PROBLEM DESCRIPTION: Once "Magic Johnson - The" turns up in a line below, reproduce that line and those after it exactly, stopping after the line with "Imagen del vendedor"; leave pictures out.
=== Section Start ===
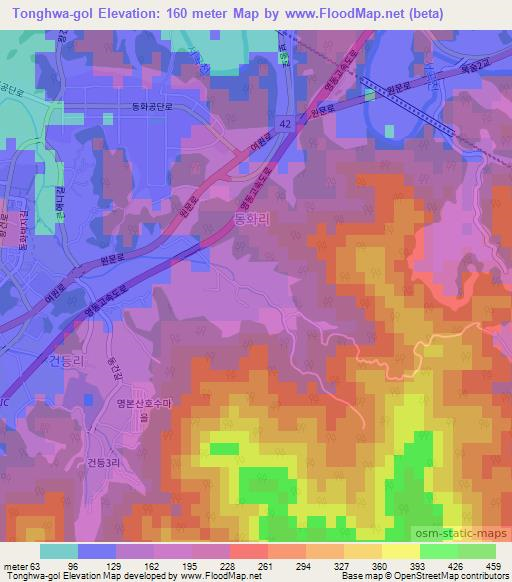 Tonghwa-gol,South Korea Elevation Map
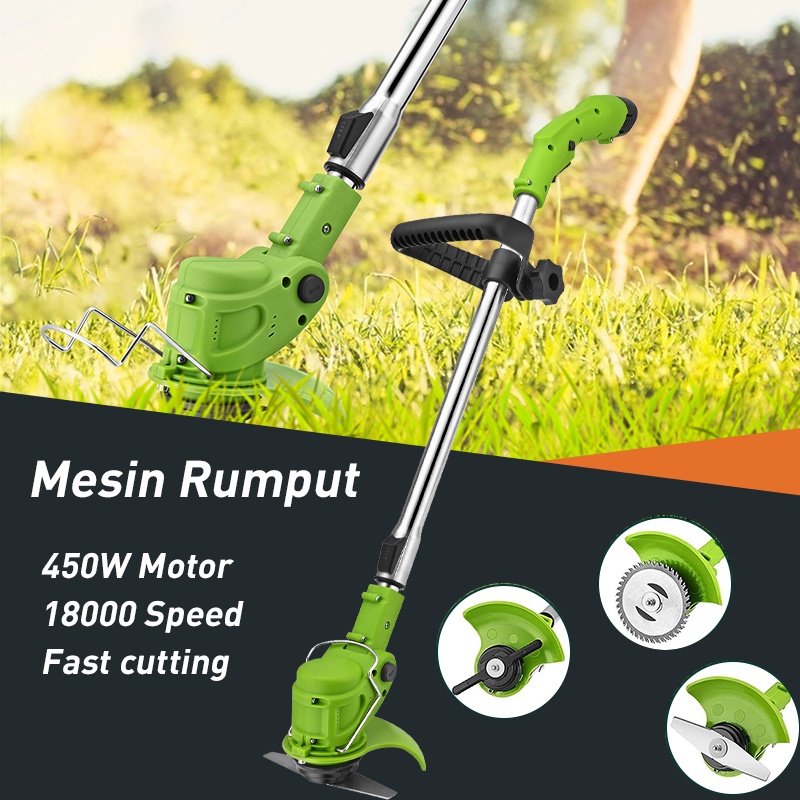 Mesin Rumput Bateri Cordless Grass Cutter Electric Wireless Grass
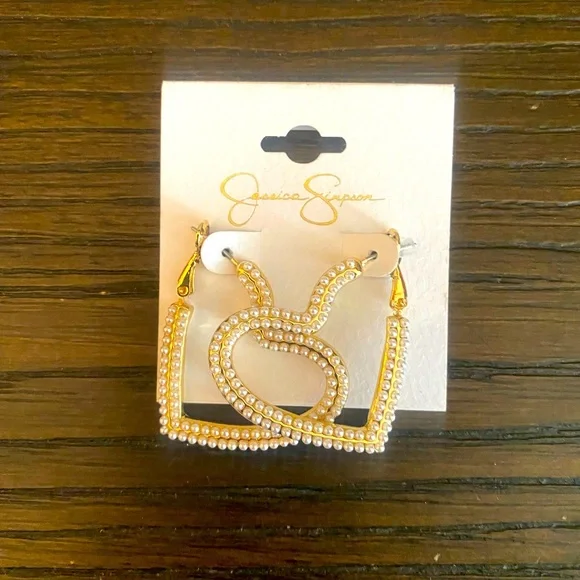 NEW Jessica Simpson gold pearl heart earrings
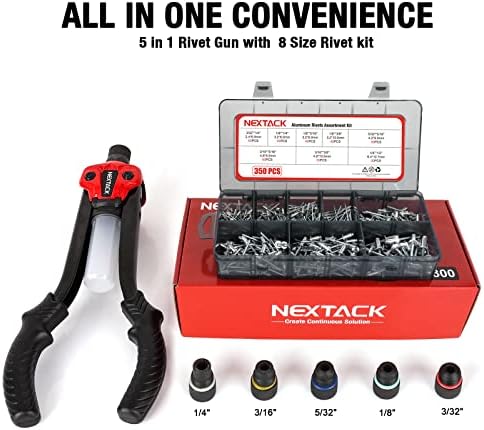 NEXTACK 1/4 Rivet Gun Kit NT300 w/ 350 Blind Pop Rivets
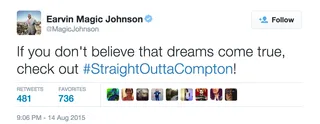 Magic Johnson - The former Los Angeles Laker and now movie theater mogul has nothing but praise for the film.  (Photo: Earvin Magic Johnson via twitter)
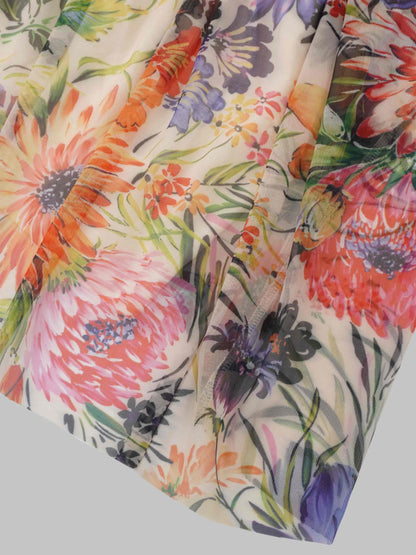 Mesh Tiered Dress-Spring Floral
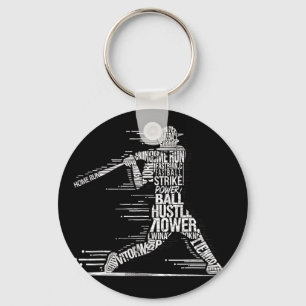 Bysebyll Player Bysebyll Typography Silhouette Key Ring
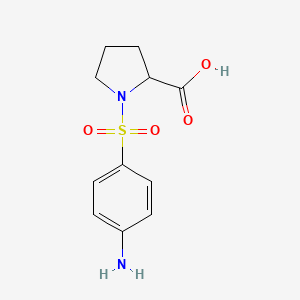 molecular formula C11H15ClN2O4S B2694732 1-(4-Amino-benzenesulfonyl)-pyrrolidine-2-carboxylic acid CAS No. 99945-07-0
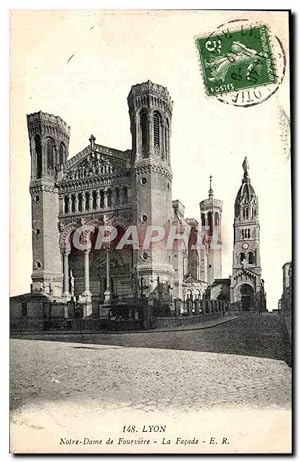 Imagen del vendedor de Lyon Carte Postale Ancienne Notre Dame de Fourviere la faade a la venta por CPAPHIL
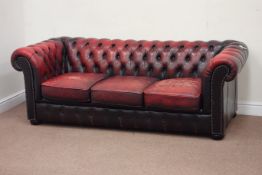 Three seat Chesterfield sofa upholstered in buttoned ox blood leather,
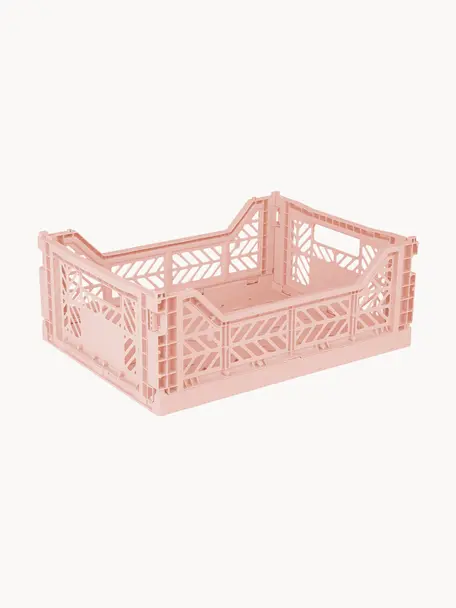 Caisson de rangement pliable Midi, larg. 40 cm, Plastique, Rose pâle, larg. 40 x prof. 30 cm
=== Section End ===
SOLUTION FOR THIS EXERCISE:
 Magic Johnson - The former Los Angeles Laker and now movie theater mogul has nothing but praise for the film.  (Photo: Earvin Magic Johnson via twitter)
 Mesh Tiered Dress-Spring Floral
 Bysebyll Player Bysebyll Typography Silhouette Key Ring
 molecular formula C11H15ClN2O4S B2694732 1-(4-Amino-benzenesulfonyl)-pyrrolidine-2-carboxylic acid CAS No. 99945-07-0
 Imagen del vendedor de Lyon Carte Postale Ancienne Notre Dame de Fourviere la faade a la venta por CPAPHIL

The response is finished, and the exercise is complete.